效勇は景祐年間に、川峡の流民を募って増設され、指揮二十七となった。陳留に三、太康・尉氏・襄邑・河陽・曹・合流に各二、咸平・鄭・亳・衛・許・単・澶・磁・広済・河陰・寧陵・白波に各一ずつ置かれた。

宣毅は慶曆年間に、京東・京西・河北・河東・淮南・江南・両浙・荊湖・福建の九路で健勇を募るか、あるいは廂軍を選抜して編成された。指揮二百八十八、治平年間には百七十四を管轄した。京東路:南京・鄆・徐・曹・斉に各二、青・兗・密・濮・沂・単・済・淄・萊・濰・登・淮陽・広済に各一。京西路:西京・滑・許・河陽・陳・襄・鄭・潁・蔡・汝・随・信陽に各一、鄧に二。河北路:真定・徳・棣・博・邢・祁・恩・磁・深・定・濱・通利・永静・乾寧に各一。河東路:太原・汾に各六、晋に四、澤・絳・石・代に各三、潞・嵐・忻・遼・威勝・平定に各二、慈・隰・寧化に各一。淮南路:揚・亳に各二、廬・宿・寿・楚・真・泗・蘄海・舒・泰・濠・和・光・黄・通・無為・高郵・漣水に各一。江南路:江寧・洪・虔・吉・撫・袁・筠・建昌・南安に各一。両浙路:杭に二、越・蘇・明・湖・婺・潤・溫・衢・常・秀・処に各一。荊湖路:潭・全・鼎に各三、荊南・邵・衡・永・郴・道・安・鄂・岳・澧・復・峡・帰・辰・荊門・漢陽・桂陽に各一。福建路:建に二、泉・南剣・漳・汀・邵武・興化に各一。

宣毅床子弩炮手は慶曆年間に設置された。指揮一。岢嵐に置かれた。

建安は府州の廂兵で、慶曆二年に禁軍に昇格した。指揮二。府州・嵐州に各一ずつ置かれた。

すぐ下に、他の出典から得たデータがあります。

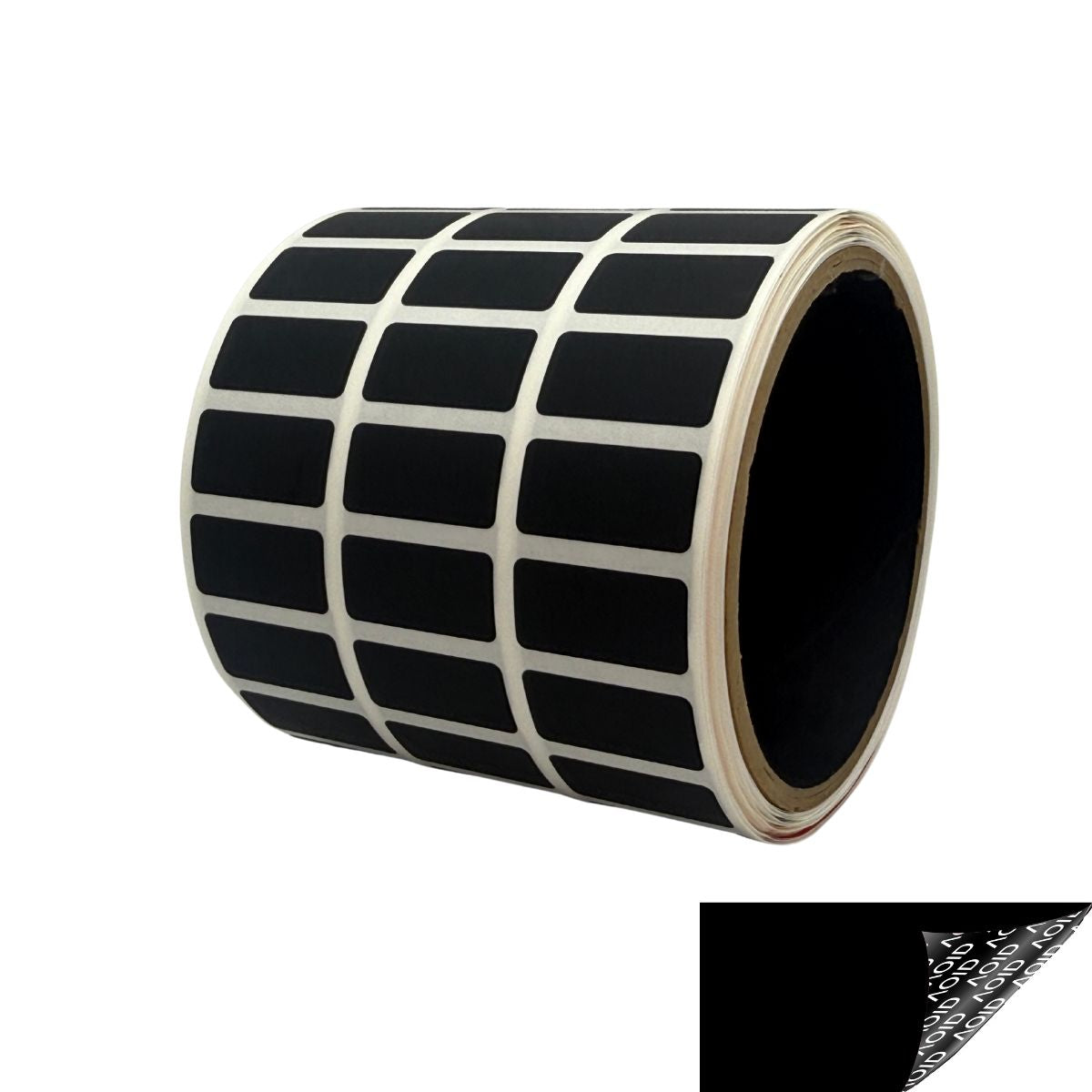 10,000 Black TamperGuard® Tamper Evident Security Label Seal Sticker Non Residue, Rectangle 1"x 0.5" (25mm x 13mm).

威果は嘉祐四年に設置され、指揮二十五となった。荊南・江寧・杭・揚・廬・潭に各三、洪・越・福に各二、虔に一ずつ置かれた。

武嚴は指揮一。京師に置かれた。

御前忠佐軍頭司には、馬歩軍都軍頭・副都軍頭、馬軍都軍頭・副都軍頭、歩軍都軍頭・副都軍頭がいる。その管轄する散員には、副指揮使・軍使・副兵馬使・十将がある。馬歩直は指揮使以下、すべて殿前司の制度と同じである。

御前忠佐散員は本来、許州の員僚剩員であり、淳化年間に軍頭司散員一班として立てられた。また、五代以来、軍校で功績を立てながら官署に収容する余地のない者は、ただ諸校と同様に飲食させるのみで、健飯都指揮使と称したが、後には罪を被った者のみがここに居た。大中祥符二年、散指揮使と改称された。班一。

馬直は雍熙四年に設置された。指揮一。

歩直は端拱元年に設置された。指揮一。

備軍は一千九百六十人。

皇城司親従官は太平興国四年に、親事官のうち材勇ある者を分けてこれに充て、諸殿の洒掃および契勘巡察の事を担当させた。指揮三。

入内院子は天聖元年、親事官のうち年長なる者を選抜してこれに充てる。九年、輦官のうち六十歳以上の者を選抜して充てる。治平二年、詔して五百人を定員とす。

騏驥院騎御馬直は太平興国二年に設置し、左右の番に分つ。八年、二直に分つ。その後、八直を増置す。

左右教駿(旧名は左右備征、建隆二年に改称)は指揮四。